The things they talked about are very similar to what school leaders say when they talk about what moves a school forward — a laser-like focus on what kids need to know and be able to do and a commitment to building the culture and climate that allows kids to learn. (To read more about the webinar, see my column this week in Huffington Post, or you can go straight to the webinar here.)

After the webinar, I was joined by Ed Trust’s Sonja Brookins Santelises, vice president for policy and practice, for a quick, two-day trip I called the “Southern Swing” to drop into three schools that in the past have won Ed Trust’s Dispelling the Myth Award — Mary McLeod Bethune Elementary School in New Orleans, La., as well as Calcedeaver and George Hall elementary schools in Mobile, Ala.

They are all doing fabulous work for kids, and I was glad to learn that two of the schools — Bethune and Calcedeaver — are looking forward to moving to new buildings in the next year or two. Bethune is in an old building with tall windows and creaky wooden floors. I love its old-fashioned vibe, but so do legions of termites that are eating it up, window ledge by window ledge. New Orleans is building a new building to house the children of Bethune.

Calcedeaver is currently in one of the worst physical plants I’ve ever seen for a school.

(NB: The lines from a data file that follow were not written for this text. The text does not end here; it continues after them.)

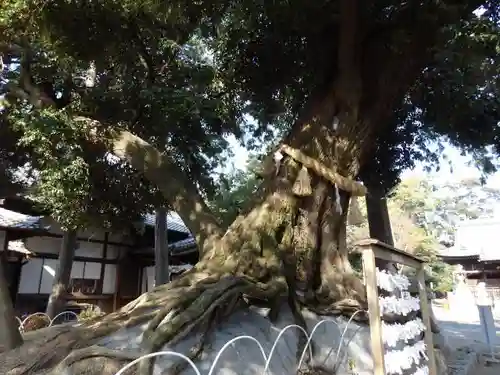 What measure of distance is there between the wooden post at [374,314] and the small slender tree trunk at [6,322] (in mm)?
2895

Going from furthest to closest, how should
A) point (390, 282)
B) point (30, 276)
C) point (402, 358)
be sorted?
1. point (30, 276)
2. point (390, 282)
3. point (402, 358)

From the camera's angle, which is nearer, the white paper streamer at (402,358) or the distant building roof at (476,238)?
the white paper streamer at (402,358)

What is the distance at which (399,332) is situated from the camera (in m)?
3.79

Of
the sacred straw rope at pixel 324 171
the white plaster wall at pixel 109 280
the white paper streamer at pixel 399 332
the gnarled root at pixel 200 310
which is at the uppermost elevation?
the sacred straw rope at pixel 324 171

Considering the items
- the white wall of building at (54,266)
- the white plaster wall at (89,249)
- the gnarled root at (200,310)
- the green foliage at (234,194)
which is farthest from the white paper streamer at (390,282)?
the white plaster wall at (89,249)

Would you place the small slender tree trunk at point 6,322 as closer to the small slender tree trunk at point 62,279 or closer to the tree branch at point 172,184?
the tree branch at point 172,184

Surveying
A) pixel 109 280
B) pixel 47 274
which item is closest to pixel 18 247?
pixel 47 274

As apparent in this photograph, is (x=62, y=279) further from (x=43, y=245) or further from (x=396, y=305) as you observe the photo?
(x=396, y=305)

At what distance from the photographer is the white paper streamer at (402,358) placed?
137 inches

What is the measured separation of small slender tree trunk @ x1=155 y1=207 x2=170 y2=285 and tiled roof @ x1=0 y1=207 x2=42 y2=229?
9.90ft

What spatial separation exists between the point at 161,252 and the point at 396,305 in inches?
320

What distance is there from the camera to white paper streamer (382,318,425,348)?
357 cm

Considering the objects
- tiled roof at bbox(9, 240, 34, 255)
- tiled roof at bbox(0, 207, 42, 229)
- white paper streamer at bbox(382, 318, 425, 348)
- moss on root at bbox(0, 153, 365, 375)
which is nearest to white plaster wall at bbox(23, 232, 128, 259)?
tiled roof at bbox(9, 240, 34, 255)

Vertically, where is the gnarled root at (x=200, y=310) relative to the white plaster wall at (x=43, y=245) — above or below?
below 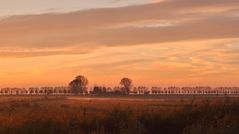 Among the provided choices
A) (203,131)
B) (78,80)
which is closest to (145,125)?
(203,131)

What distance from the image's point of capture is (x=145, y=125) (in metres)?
23.5

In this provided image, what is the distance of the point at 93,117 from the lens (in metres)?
23.6

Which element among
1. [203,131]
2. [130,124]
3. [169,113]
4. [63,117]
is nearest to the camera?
[203,131]

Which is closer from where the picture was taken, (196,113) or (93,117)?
(93,117)

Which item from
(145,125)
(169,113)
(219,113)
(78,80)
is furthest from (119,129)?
(78,80)

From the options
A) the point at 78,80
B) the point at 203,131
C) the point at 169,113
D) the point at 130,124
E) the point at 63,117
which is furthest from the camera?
the point at 78,80

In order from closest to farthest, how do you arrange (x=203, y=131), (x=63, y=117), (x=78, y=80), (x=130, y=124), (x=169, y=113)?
(x=203, y=131), (x=130, y=124), (x=63, y=117), (x=169, y=113), (x=78, y=80)

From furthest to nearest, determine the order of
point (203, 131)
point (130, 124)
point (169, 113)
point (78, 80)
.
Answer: point (78, 80)
point (169, 113)
point (130, 124)
point (203, 131)

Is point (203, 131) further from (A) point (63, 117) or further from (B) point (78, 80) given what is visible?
(B) point (78, 80)

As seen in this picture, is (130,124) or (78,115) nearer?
(130,124)

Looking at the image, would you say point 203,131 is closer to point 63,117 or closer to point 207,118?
point 207,118

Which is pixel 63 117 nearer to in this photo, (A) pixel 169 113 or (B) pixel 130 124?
(B) pixel 130 124

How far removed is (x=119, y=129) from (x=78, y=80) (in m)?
172

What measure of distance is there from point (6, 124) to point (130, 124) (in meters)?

It has a tidy, little brick building where the younger kids are, but the older kids are in a series of bunker-like buildings and deteriorating trailers. “I’m just glad the kids won’t have to use these bathrooms anymore,” Susan Jill Dickinson, the principal said, as she showed me a grim tiled cell.

The district is finally building a new school down the road; it will be a big change to have all the classes and bathrooms in one building, but the kids at Calcedeaver will have a clear demonstration that the people of Mobile County believe in their future enough to invest in the present.